Pensioners could find themselves being shipped off abroad where caring for them is cheaper, if an idea tabled at a United Russia discussion club gets off the drawing board.
“We have a choice,” United Russia’s Elmurod Rasulmukhamedov, founder of Russkoye Loto, president of the All-Russian Society for Nature Conservation and progenitor of the pensioner scheme, told magazine Ogonyok.
“Either we can permanently raise pensions, provide grants and funding to invest in program to support pensioners or we can in one step help them to move and thus save money and actually help people.
“So, by my calculations, on an average pension of 6,000 rubles you could live well in Latvia, Uzbekistan, Bulgaria or India, and on an income of 10,000 in Turkey or Egypt.

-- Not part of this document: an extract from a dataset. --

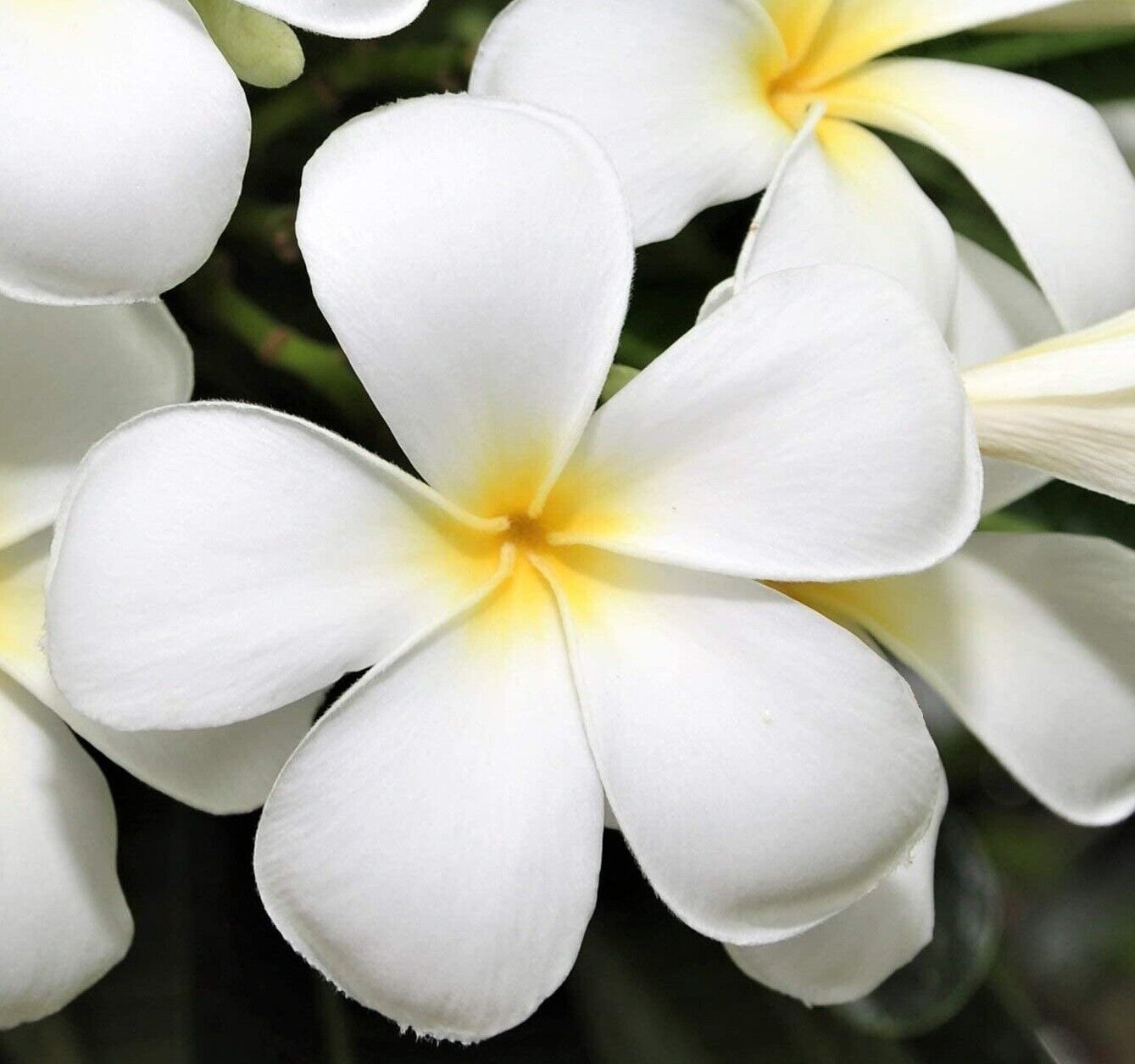 Super Plumeria Rubra Snow White Frangipani Seeds Pcs 3 Semi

“I am very sorry I was not in on this discussion,” Valery Ryazansky, head of the Pensioners of Russia Union’s central managing presidium, told Ogonyok. “There is a fairly extensive history of mass resettlement in our country. Take the example of Salekhard, at the mouth of the Ob River in the north. Under Stalin they took prisoners there.
“Typically people were uoffloaded on an empty beach and the ship sailed off. I hope the party leaders will adopt other methods. In general, I am strongly against this,” he said.
Rasulmukhamedov warned it wouldn't be all play and no work. “Someone wouldn’t just be receiving a more comfortable living in a milder climate, they would also have a duty to spread the Russian language and right kind of Russian culture,” Rasulmukhamedov added.
The idea came up at a ruling party United Russia discussion club.
But not every United Russia member is keen on a mass exodus of the aged. Andrei Isayev, head of the State Duma Committee for Labor and Social Policy said that the idea was delusional, “we will not give our citizens to anyone,” he told Ogonyok.
Ryazansky warned that old people are prone to lose interest and die when displaced and that the best place for them is their home turf.